New work item for XML group ? (Re: Comments on 31 March spec) from Rick Jelliffe on 1997-04-10 (w3c-sgml-wg@w3.org from April 1997)

From: Rick Jelliffe <ricko@allette.com.au>
Date: Thu, 10 Apr 1997 19:46:46 +1000
To: Murata Makoto <murata@apsdc.ksp.fujixerox.co.jp>
CC: w3c-sgml-wg@w3.org
Message-ID: <334CB706.2256@allette.com.au>

Murata Makoto wrote:

> JIS started to design two new character code standards. Although
> these will be used together with JIS X 0208, some of the charaters in these
> new standards are more important than some of the JIS X 0208 characters,
> said Prof. Shibano. In three years or so, JIS will propose to ISO these new standards as part of ISO 10646. The BMP are not likely to include them.

W3C XML people should be careful not be panicked to discover that
Unicode 2.0 is not the ultimate character set! That is not any
reason to not adopt it in XML 1.0 today.

Especially in East and South East Asia, there is still a great effort by
standards-making bodies and academics to figure out exactly what
characters
are needed, including using statistical methods.

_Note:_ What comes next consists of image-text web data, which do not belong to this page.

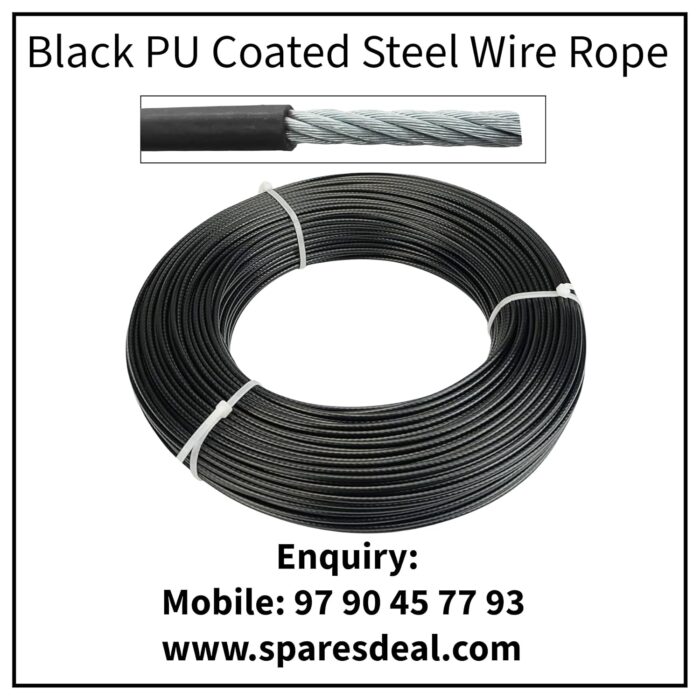 PU Coated steel wire rope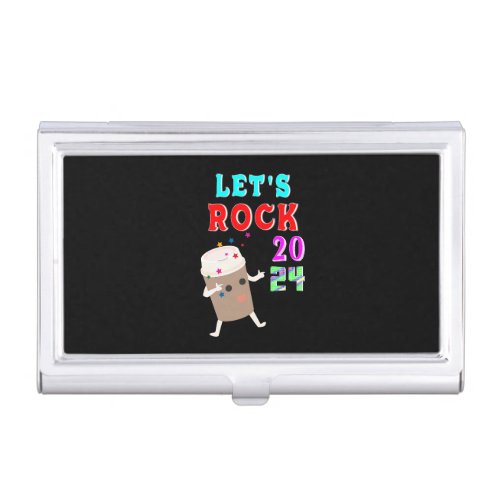 Lets Rock 2024 Business Card Case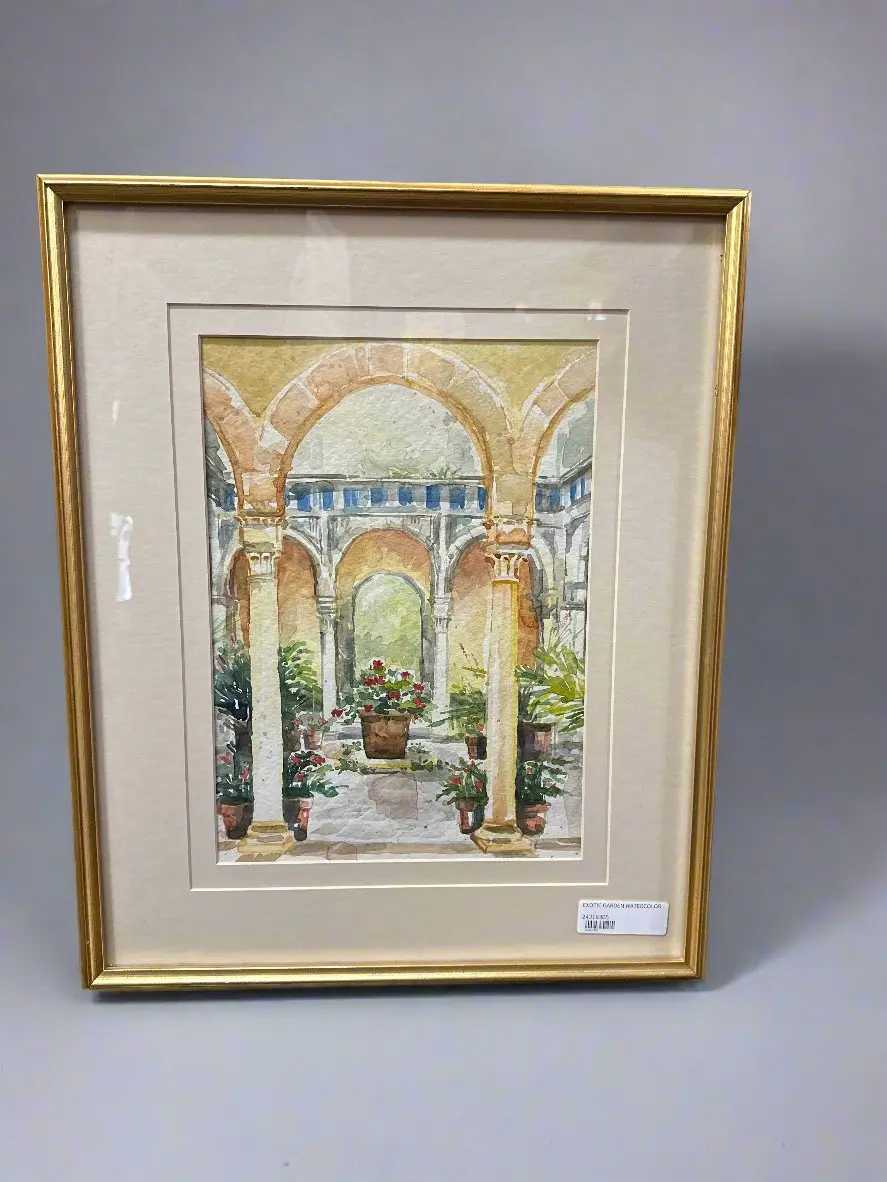 Exotic Garden Watercolor 1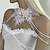 voordelige Bruiloftsomslagen-Bruids Wraps Elegant Mouwloos Polyester Bruiloftsomslagen Met Imitatieparel Voor Bruiloft Zomer
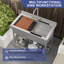 Évier de service de station de travail autoportant en acier inoxydable de 36 po L x 21 po avec robinet escamotable, planche à découper et support à roulettes, évier de cuisine à cuve simple de qualité commerciale avec crépine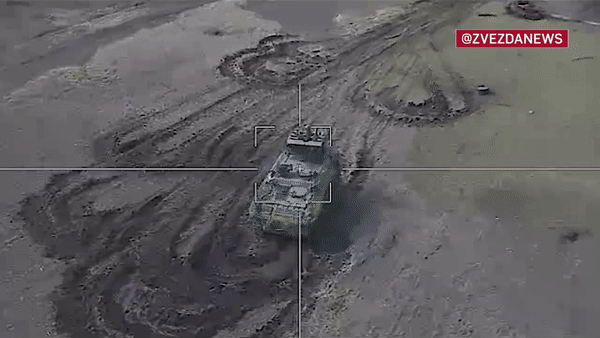 Xe chien dau bo binh cua Nga chong drone bang... “long nhim”-Hinh-3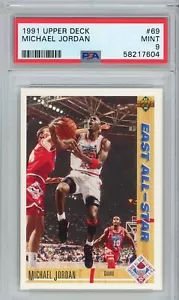 1991 Upper Deck #69 Michael Jordan PSA 9 - Picture 1 of 2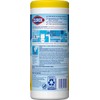 Clorox Disinfecting Wipes, Bleach Free Cleaning Wipes - Crisp Lemon,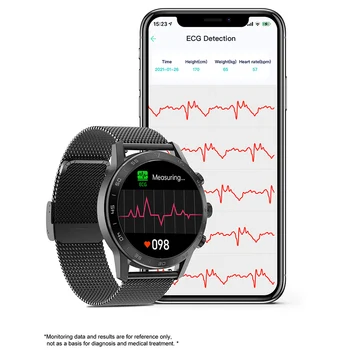 CHYCET Smart Hodinky Mužov Srdcového rytmu EKG Monitor SmartWatch Krvný Tlak Smartwatch Reloj Inteligente Hodinky pre Huawei Xiao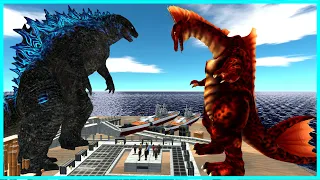 Godzilla VS Titanosaurus - Animal Revolt Battle Simulator [ARBS]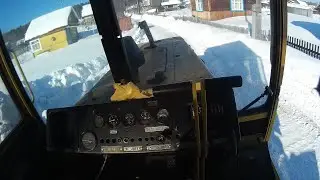 ДТ-75. Гребля, гребля, гребля. Гребля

There can never be a character set that contains *ALL* 'Han' ideographs,
for the simple reason that new ones are being invented all the time,
especially in Taiwan. (And in any case, for some kinds of scholarly,
historical material, the glyph/character distinction may not be
completely helpful.)

This breakdown is why I think the XML group needs to add a fourth item
to its agenda, to be dealt with last, and that is a distributed font or
glyph service for XML.

Background
----------
The problem of Han ideographs is that they are an unbounded set. It is
up
to CJK national bodies to add important and common characters to ISO
10646
and to their various regional character sets. But the more rare
characters
cannot be represented using this method: it is not feasible or practical
for
logistical reasons.

Two methods of circumventing this have been proposed. They both suggest
an embedded layer of encoding on top of characters, to decentralise
character definition towards the creators of the documents:

* defer the problem by using SGML SDATA entities to refer to the
characters
(i.e. the SPREAD entities, or the Electronic Buddhist Text Initiative's
KanjiBase glyph set): this is inappropriate to XML, which is aimed at
fully resolved
documents suitable for immediate use, unlike SGML;

* embed some unique character sequence that also describes the glyph
in terms of its components (Prof Hsieh from Academica Sinica's proposal
to
ISO 10646): this is promising, but is a thing for the future.

Proposal
--------
I think we need to say that the central difference between characters
and
glyphs is that characters can be searched on directly from the XML text
without a knowledge of the DTD.

Using this definition, we can deem any (and only) characters
in ISO 10646 BMP to be XML characters. (They will be either character
codes or a numeric character references.)

Next, we can say that a character that is not in ISO 10646 BMP is not an
XML character. It must be marked up in some other way: it is a
glyph reference.

The appropriate way to mark up a glyph which has no corresponding
character
in ISO 10646 is using (a reference to an entity containing?) an empty
element
that nominates a particular font and code point, for example:

The central advantage of doing this is that it allows XML users the
freedom
to sidestep the standardisation process. If they need a particular
glyph,
they don't need to wait for various standards bodies to agree it is
a useful character, and then for international bodies to see whether it
is
really just a glyph variant and so is already present in a unified
character,
and then for font makers to make and distribute the correct fonts, etc.

This is not just a CJK issue: glyph references may be welcomed by
mathematicians, as well as page designers who want to include
corporate logos in text. (The inline IMG element is the HTML ancestor
for this, of course.) Not to mention facilime and historical users,
or even someone who wants to add a fancy drop capital, perhaps.

I think there will be enough difficulty trying to get XML vendors make
their products truly internationalised (i.e. adopt ISO 10646 numeric
character references regardless of their regional character set)
unless we strictly limit XML to ISO 10646 BMP/Unicode 2.0 and provide
a good mechanism to deal with exceptions. Unicode is well-promulgated
and accessable: character-set-level support for characters extra to
Unicode really misses the need of XML users, IMHO: for strange and
rare or currently non-standard characters, it is the ability to
locate and display the glyph that is most important.

Summary
-------
ISO 10646 BMP is enough for XML characters. But people legitimately need
more. A mechanism to let them do it themselves is appropriate (and fits
into the WWW idiom).

So as part of XML should be a simple glyph service system, allowing
people who create documents to add extra glyphs as needed.

-Rick Jelliffe

Received on Thursday, 10 April 1997 05:41:25 UTC